Through all this the author manages to build an inexplicable connection between a predator and his prey. This truly goes to show you Francette’s talent as a writer because as depraved as it was, you’ll believe it, you’ll actually find yourself rooting for this couple at the end and yet you won’t have the slightest idea why.
He seduces me with his words, lays a path of pleasure-laced agony for me to follow and I do. Stupidly, I follow him down the blinding darkness of this euphoric hell. Shame can’t touch the girl he wants me to be, the girl who needs his absolutely mastery.

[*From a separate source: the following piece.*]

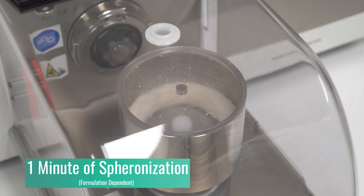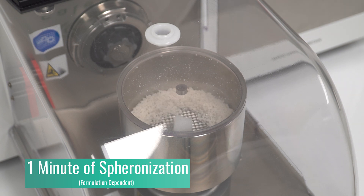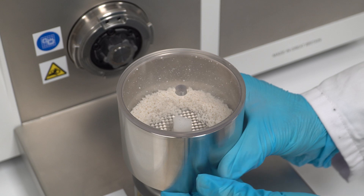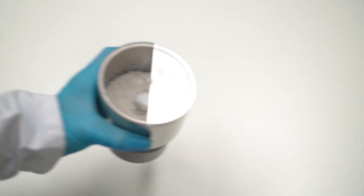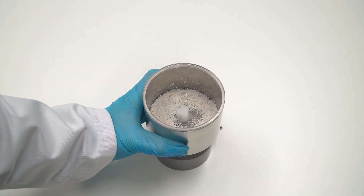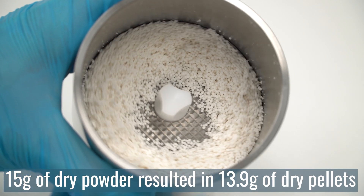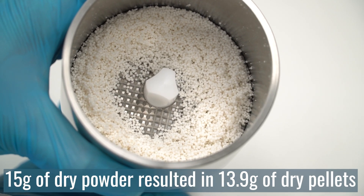Different formulations may require a longer residency time. We can now remove the safety cover and inspect the result. Starting with 15g of dry powder, 13.9g of high quality pellets were made in under 20 minutes.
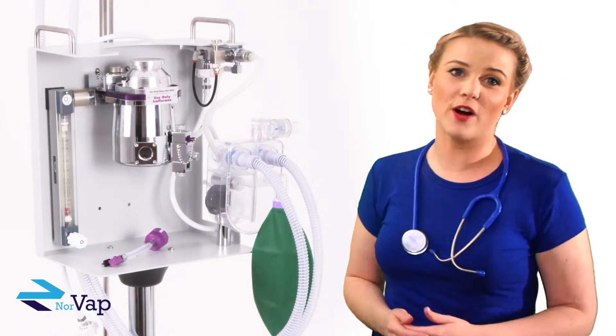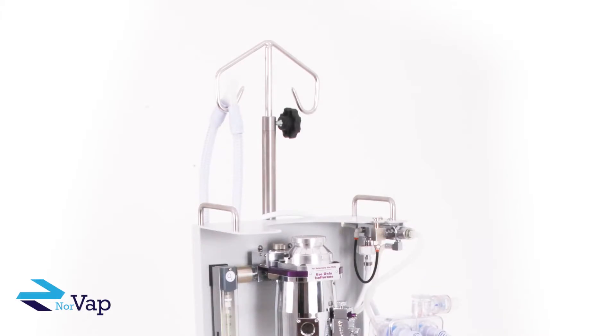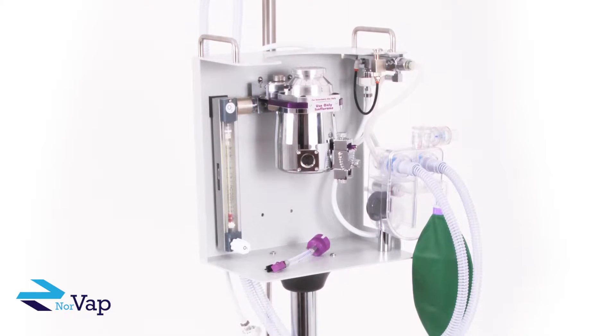This is our Orion 5 Anaesthetic Machine, one of the latest additions to our line of products. The Orion 5 is a bespoke machine which can be tailored to suit our individual customers' needs.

I can honestly tell you that this is one of the darkest books I’ve read to date. When I finished it I wanted a hug, a shot, and my mama…maybe not in that exact order. I can also tell you that it was a book I couldn’t put down for even a second. If the second book was already out, I’d be diving straight into it because it was THAT good.
Notice that I barely gave you any details about the plot? That’s because it’s best that way. Trust me when I say you don’t want to read any reviews before reading this one because you’ll just ruin the entire effect. You want to experience it along with the characters; the surprises, the secrets, the revelations, everything.
This is part 1 of a 2 book series and it does end with a cliffy. A big one in my opinion. A cliffy so bad that I’m practically foaming at the mouth for the next book. But I recommend you read this right away anyway, if anything just to experience the crazy along with me. As a matter of fact I’m still trying to find my sanity after finishing this and loving it as much as I did.